Crawled caption data:
____

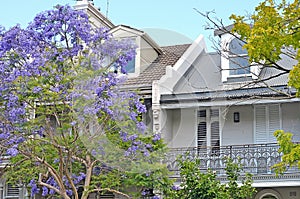 Typical historical Australian house with traditional balcony and flowering jacaranda tree at the foreground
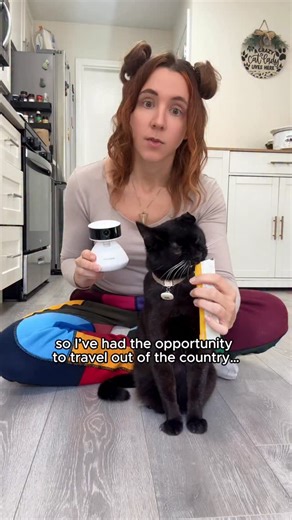 Uno & Dos on Instagram: "#ad being away from Uno and Dos always gives me a little bit of “cat-mom guilt” - but now that I’m able use the @petlibro Scout Smart Camera to check on my cats anywhere, anytime with 360° auto-tracking, night vision, multi-pet recognition, AI behavior analysis and 2-way audio. I feel A LOT less guilty about traveling. If you want a smarter way to stay connected to your pets, use “UNO50” to get 50% off your Petlibro Scout Camera (link in bio for more info! ) #Petlibro #S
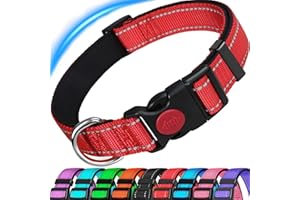 ATETEO Dog Collar, Reflective Adjustable Basic Dog Collar with Soft Neoprene Padding, Durable Nylon Pet Collars for Puppy Small Medium Large Dogs,Red,M: 13-19.7 inch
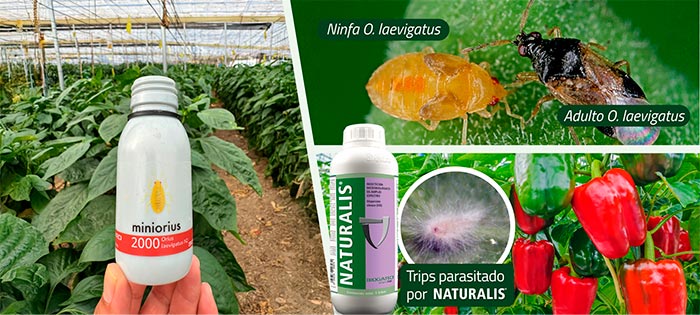 BIOGARD refuerza el control biológico de Thrips parvispinus en pimiento 3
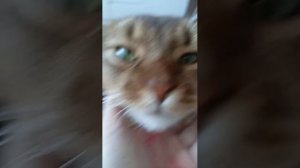 интервью с Димоном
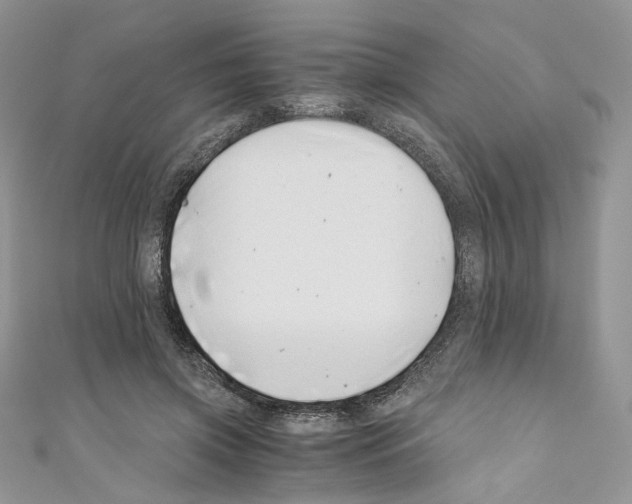 X0000110670549200907241024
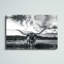 «Black and White Longhorn Cow I», photographie sur toile tendue-1925434037-1961283216-1889176534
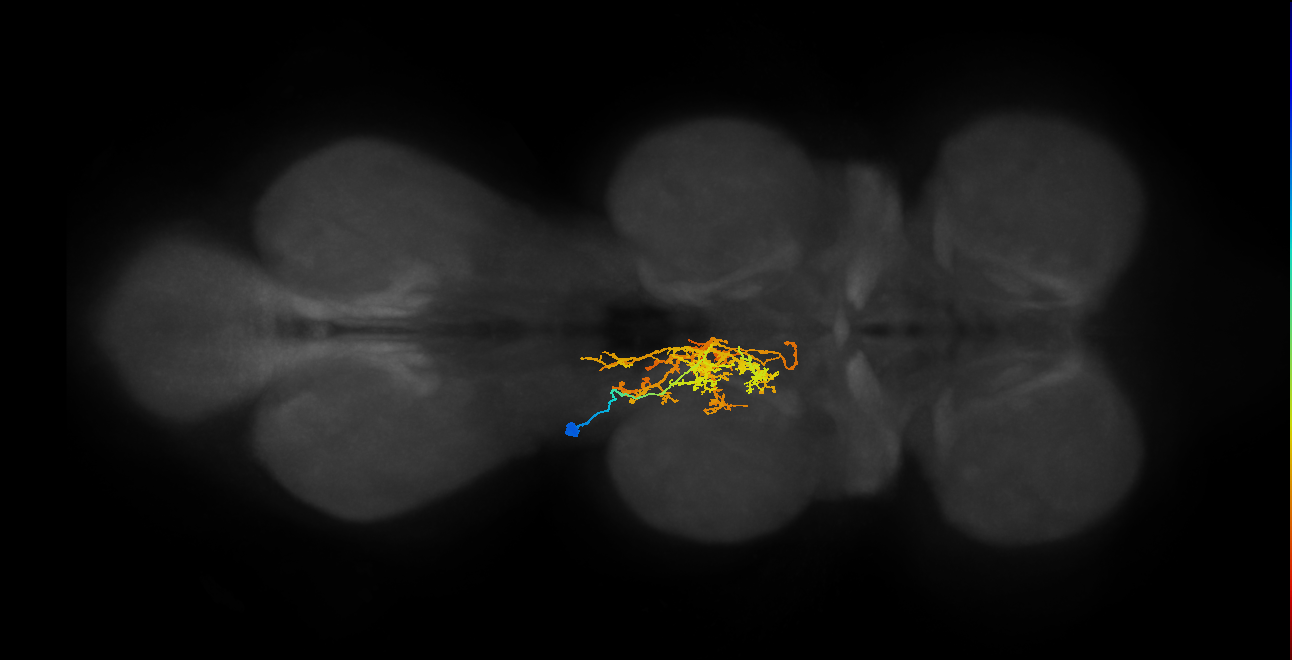 IN12A051_T2_L (MANC:17078)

____

▸ Try it
Each entry above needs to be restated without a single word changed; skip the images.

▸ Your solution
 Typical historical Australian house with traditional balcony and flowering jacaranda tree at the foreground
 Uno & Dos on Instagram: "#ad being away from Uno and Dos always gives me a little bit of “cat-mom guilt” - but now that I’m able use the @petlibro Scout Smart Camera to check on my cats anywhere, anytime with 360° auto-tracking, night vision, multi-pet recognition, AI behavior analysis and 2-way audio. I feel A LOT less guilty about traveling. If you want a smarter way to stay connected to your pets, use “UNO50” to get 50% off your Petlibro Scout Camera (link in bio for more info! ) #Petlibro #S
 ATETEO Dog Collar, Reflective Adjustable Basic Dog Collar with Soft Neoprene Padding, Durable Nylon Pet Collars for Puppy Small Medium Large Dogs,Red,M: 13-19.7 inch
 BIOGARD refuerza el control biológico de Thrips parvispinus en pimiento 3
 интервью с Димоном
 X0000110670549200907241024
 «Black and White Longhorn Cow I», photographie sur toile tendue-1925434037-1961283216-1889176534
 IN12A051_T2_L (MANC:17078)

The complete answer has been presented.